Another thing that just struck me is that in your view, Apple was actually correct with regards to pushing developers to create web-based apps and services. The fact that they met such resistance was more just a result of the US market not being ready for the idea right now, or rather, the US networks aren't reliable enough for people to readily access web-based services and apps. Thus, people preferred a local app since you could access it without any issues. However, if the US carriers provided as good of a service as those found abroad, perhaps the outcry against Apple wouldn't have been so great.

One other thing I was curious about was the type of mobile services currently on offer in Japan in South Korea. Would you please elaborate on these?

skylights

Too long for a late night, but I think I get the idea from reading everything after IN SUM.

Yomi Adegboye

Tomi,

Insightful article here, and I am basically in agreement with your positions. Its a complex maze, but its pretty much nicely presented.

Giff Gfroerer, i2SMS

As to Americans and mobile technology, Chetan Sharma recently reported the average US subscriber texts 16 times per day. You mention 4 times per day around the fall of 08. CTIA also reported 1 trillion SMS sent last year in the states, bringing the average for US to 10 per day per subscriber.

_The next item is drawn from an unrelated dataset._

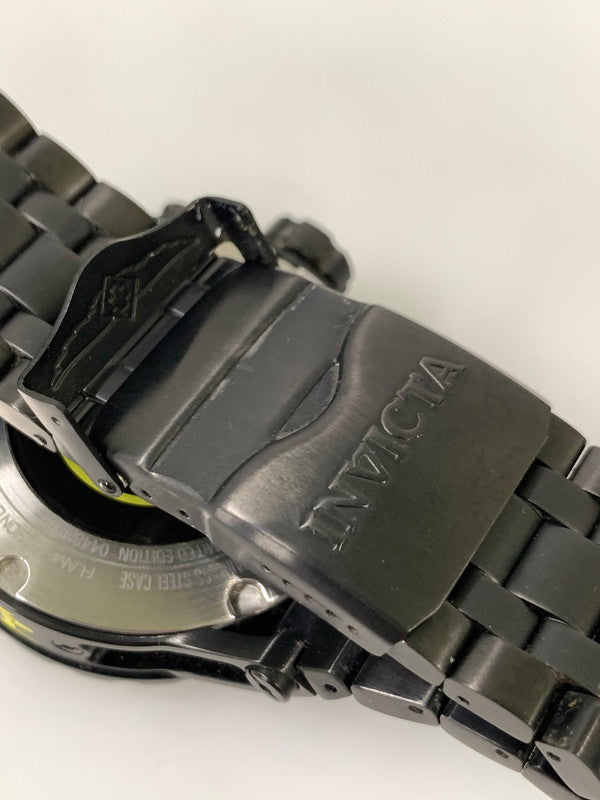 【中古品】【メンズ】  INVICTA インビクタ 27098 DC COMICS BATMAN LIMITED クロノグラフ クォーツ腕時計 198-240710-ks-10-min カラー：ブラック/ゴールド 万代Net店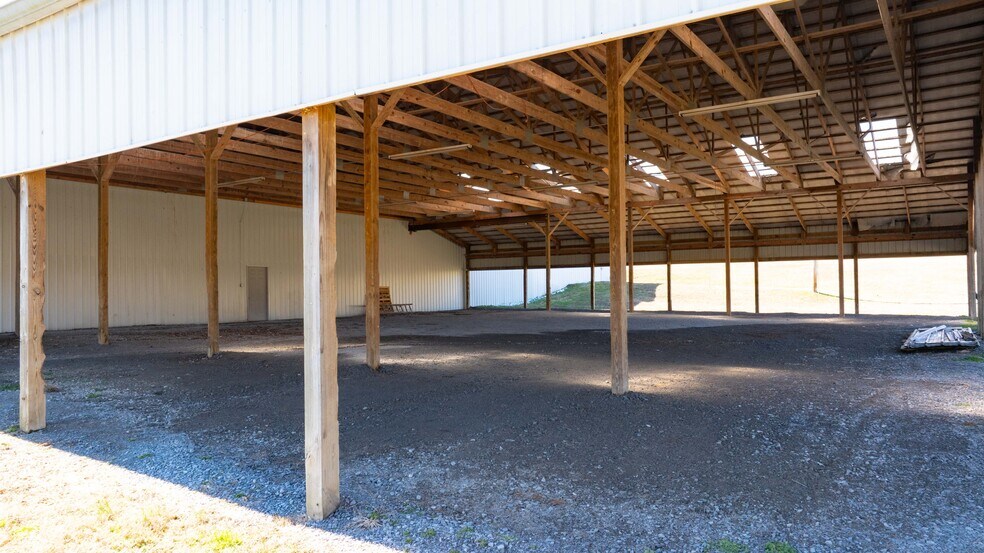 More Photos Of 5830 Highway 231 S, Castalian Springs Showroom For Sale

How do you relate those numbers to the mobile technology in the US and US adoption to mobile advancement?

Tomi Ahonen

Hi Gerardi, Chippy, Ed, MM, Skylights, Yomi and Giff

Nice to see you all here and thank you so much for the comments. I'll reply to each individually:

Gerardi - very good test, yes. I actually often talk of the quick-and-dirty test of two groups, does it work with teenager, and does it work with your own parents (grandparent age group). If the service is appealing enough for kids, and the grandparents can still do it (not too complex) then it has a good chance of success in the mass market..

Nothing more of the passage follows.